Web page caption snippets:
##############################

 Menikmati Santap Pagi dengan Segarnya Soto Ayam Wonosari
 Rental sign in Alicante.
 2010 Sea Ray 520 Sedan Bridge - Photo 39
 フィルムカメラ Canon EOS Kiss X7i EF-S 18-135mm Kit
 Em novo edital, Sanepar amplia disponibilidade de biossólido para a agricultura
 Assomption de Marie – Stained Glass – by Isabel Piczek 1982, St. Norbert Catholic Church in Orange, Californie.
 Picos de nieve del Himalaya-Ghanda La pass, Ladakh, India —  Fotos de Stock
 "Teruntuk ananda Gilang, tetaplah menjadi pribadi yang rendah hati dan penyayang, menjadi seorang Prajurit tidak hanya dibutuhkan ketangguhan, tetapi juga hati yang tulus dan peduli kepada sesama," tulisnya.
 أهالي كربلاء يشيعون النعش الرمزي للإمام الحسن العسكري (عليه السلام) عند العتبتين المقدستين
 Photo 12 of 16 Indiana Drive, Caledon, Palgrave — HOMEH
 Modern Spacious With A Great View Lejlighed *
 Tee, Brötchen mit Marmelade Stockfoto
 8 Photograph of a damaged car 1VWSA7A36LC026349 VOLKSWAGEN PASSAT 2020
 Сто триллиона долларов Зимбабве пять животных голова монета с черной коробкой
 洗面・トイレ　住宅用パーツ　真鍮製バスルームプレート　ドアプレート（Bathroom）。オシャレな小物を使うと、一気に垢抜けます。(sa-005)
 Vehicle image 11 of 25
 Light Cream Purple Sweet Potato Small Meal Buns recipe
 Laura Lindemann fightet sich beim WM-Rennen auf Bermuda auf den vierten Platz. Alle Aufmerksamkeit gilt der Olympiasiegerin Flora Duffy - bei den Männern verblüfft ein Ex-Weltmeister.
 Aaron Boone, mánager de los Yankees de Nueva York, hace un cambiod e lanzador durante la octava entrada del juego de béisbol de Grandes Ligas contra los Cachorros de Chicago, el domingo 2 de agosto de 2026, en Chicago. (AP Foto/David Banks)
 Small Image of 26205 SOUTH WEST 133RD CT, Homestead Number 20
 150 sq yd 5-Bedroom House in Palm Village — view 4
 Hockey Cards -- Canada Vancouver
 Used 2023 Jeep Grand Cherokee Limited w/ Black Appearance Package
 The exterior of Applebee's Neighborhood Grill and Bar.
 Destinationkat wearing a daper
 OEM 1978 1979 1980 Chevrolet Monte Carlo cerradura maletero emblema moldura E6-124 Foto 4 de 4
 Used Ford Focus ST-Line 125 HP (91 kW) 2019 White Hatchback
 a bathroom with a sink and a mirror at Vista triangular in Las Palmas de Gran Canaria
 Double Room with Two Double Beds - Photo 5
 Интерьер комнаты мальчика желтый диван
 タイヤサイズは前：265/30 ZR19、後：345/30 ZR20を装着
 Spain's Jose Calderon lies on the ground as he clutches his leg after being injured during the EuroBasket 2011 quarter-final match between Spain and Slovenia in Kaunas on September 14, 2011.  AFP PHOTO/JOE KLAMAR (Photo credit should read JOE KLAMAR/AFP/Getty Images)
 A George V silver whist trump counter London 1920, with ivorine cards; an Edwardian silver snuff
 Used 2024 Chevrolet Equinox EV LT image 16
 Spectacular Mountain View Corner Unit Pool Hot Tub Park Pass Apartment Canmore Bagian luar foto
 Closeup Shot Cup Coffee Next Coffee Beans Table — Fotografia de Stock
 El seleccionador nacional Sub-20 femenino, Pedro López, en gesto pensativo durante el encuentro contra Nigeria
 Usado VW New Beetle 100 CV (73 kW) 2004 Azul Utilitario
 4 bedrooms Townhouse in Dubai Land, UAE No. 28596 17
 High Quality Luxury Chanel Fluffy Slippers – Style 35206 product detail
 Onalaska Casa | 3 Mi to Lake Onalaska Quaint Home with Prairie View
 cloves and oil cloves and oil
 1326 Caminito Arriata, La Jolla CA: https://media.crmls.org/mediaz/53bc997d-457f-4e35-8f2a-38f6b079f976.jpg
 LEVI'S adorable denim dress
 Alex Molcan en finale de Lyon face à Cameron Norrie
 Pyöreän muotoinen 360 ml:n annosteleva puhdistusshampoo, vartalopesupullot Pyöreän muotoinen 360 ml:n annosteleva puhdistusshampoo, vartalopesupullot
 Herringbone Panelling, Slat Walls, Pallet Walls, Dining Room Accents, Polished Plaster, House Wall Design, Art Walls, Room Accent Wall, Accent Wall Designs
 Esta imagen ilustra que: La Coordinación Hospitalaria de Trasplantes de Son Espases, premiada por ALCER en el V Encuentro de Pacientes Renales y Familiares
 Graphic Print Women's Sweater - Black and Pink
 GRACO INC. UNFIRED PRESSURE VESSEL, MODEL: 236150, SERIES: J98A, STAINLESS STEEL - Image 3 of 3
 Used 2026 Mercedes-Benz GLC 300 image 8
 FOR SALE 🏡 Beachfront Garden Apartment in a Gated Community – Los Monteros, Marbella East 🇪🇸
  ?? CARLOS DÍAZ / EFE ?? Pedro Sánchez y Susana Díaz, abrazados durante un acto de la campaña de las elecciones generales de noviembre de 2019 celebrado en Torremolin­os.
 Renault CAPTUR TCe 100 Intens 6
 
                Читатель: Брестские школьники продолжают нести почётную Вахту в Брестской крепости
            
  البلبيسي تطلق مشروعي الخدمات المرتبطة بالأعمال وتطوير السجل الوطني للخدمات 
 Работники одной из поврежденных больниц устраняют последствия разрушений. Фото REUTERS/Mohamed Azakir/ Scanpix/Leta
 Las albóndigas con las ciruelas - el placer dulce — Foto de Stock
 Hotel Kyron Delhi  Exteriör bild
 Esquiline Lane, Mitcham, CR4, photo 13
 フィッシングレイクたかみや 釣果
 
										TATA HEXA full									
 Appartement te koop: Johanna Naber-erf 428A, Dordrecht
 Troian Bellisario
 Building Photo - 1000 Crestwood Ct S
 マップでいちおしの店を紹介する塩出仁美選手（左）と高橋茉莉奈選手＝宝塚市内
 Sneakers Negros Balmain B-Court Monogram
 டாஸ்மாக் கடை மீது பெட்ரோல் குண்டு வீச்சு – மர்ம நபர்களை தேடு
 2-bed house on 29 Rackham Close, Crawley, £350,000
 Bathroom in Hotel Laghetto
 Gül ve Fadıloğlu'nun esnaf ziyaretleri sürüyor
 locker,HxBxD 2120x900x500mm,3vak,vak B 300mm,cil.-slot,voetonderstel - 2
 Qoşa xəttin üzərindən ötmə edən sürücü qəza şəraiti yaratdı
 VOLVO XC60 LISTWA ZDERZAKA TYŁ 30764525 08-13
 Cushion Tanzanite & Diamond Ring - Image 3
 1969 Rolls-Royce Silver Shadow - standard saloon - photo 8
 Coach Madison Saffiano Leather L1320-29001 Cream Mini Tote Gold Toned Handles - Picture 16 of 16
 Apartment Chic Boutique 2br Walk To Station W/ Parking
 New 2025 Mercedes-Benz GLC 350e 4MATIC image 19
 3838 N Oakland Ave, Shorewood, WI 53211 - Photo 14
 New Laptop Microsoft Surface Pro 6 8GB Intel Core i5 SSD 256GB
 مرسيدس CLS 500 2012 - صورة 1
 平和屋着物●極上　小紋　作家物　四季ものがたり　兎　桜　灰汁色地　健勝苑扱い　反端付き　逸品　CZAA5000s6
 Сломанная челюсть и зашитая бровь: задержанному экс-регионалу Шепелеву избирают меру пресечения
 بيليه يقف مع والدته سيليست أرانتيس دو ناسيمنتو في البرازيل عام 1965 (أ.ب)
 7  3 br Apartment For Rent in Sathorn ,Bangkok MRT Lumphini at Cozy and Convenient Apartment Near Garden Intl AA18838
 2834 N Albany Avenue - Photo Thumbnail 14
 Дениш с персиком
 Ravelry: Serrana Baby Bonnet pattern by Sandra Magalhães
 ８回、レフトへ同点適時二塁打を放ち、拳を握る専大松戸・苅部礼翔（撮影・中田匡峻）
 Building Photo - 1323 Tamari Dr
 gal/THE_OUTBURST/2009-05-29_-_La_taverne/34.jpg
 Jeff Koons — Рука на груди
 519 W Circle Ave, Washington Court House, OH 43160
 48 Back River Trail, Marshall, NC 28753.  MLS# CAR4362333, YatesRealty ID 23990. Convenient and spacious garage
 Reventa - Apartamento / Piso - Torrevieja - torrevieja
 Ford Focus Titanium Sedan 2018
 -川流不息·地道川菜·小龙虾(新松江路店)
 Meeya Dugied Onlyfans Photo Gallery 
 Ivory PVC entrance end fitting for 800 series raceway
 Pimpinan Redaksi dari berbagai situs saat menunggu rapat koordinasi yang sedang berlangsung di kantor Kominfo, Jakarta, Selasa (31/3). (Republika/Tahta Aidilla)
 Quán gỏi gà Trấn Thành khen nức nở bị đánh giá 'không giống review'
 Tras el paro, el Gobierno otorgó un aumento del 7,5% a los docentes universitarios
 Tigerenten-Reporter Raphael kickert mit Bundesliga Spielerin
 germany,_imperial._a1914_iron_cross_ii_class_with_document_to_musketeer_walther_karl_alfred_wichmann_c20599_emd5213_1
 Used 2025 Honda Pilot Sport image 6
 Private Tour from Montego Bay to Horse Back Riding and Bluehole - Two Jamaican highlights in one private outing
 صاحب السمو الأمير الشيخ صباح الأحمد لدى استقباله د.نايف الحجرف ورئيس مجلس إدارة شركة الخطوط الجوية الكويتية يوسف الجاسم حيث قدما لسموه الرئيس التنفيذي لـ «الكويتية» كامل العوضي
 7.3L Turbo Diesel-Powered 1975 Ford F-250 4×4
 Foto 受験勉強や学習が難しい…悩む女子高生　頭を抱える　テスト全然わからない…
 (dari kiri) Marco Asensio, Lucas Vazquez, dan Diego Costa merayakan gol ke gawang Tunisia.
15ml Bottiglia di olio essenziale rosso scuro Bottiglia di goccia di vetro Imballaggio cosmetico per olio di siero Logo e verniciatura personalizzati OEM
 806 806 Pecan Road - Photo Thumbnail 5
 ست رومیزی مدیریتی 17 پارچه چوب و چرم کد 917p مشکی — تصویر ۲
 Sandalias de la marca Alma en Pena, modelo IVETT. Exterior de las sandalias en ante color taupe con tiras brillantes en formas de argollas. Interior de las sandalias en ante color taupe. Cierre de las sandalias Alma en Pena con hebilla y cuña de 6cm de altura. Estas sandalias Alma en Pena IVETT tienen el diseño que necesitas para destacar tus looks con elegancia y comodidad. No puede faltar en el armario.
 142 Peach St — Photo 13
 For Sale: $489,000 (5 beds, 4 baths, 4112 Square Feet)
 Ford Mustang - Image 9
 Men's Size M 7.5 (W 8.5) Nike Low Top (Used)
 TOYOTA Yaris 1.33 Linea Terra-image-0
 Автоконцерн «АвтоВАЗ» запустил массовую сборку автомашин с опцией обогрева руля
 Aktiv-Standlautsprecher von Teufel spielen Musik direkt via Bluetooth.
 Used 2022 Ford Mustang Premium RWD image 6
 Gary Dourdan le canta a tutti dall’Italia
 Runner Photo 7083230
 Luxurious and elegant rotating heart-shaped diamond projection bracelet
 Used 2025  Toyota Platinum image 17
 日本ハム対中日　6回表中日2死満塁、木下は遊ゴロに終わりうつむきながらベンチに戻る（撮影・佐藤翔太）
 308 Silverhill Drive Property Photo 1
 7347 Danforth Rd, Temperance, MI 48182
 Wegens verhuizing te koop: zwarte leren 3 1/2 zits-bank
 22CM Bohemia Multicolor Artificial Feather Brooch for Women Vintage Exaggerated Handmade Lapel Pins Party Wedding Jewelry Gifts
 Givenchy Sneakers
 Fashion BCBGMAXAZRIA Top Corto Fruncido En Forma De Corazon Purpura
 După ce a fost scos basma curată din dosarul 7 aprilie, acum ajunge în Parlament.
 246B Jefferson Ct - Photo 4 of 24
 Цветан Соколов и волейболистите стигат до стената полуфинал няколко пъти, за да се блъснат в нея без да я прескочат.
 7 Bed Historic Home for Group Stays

##############################

> **Work task**:
Give back exactly the lines above, from the line containing "Small Image of" through the line containing "A George V silver", with both end lines and nothing more.

> **Written response**:
 Small Image of 26205 SOUTH WEST 133RD CT, Homestead Number 20
 150 sq yd 5-Bedroom House in Palm Village — view 4
 Hockey Cards -- Canada Vancouver
 Used 2023 Jeep Grand Cherokee Limited w/ Black Appearance Package
 The exterior of Applebee's Neighborhood Grill and Bar.
 Destinationkat wearing a daper
 OEM 1978 1979 1980 Chevrolet Monte Carlo cerradura maletero emblema moldura E6-124 Foto 4 de 4
 Used Ford Focus ST-Line 125 HP (91 kW) 2019 White Hatchback
 a bathroom with a sink and a mirror at Vista triangular in Las Palmas de Gran Canaria
 Double Room with Two Double Beds - Photo 5
 Интерьер комнаты мальчика желтый диван
 タイヤサイズは前：265/30 ZR19、後：345/30 ZR20を装着
 Spain's Jose Calderon lies on the ground as he clutches his leg after being injured during the EuroBasket 2011 quarter-final match between Spain and Slovenia in Kaunas on September 14, 2011.  AFP PHOTO/JOE KLAMAR (Photo credit should read JOE KLAMAR/AFP/Getty Images)
 A George V silver whist trump counter London 1920, with ivorine cards; an Edwardian silver snuff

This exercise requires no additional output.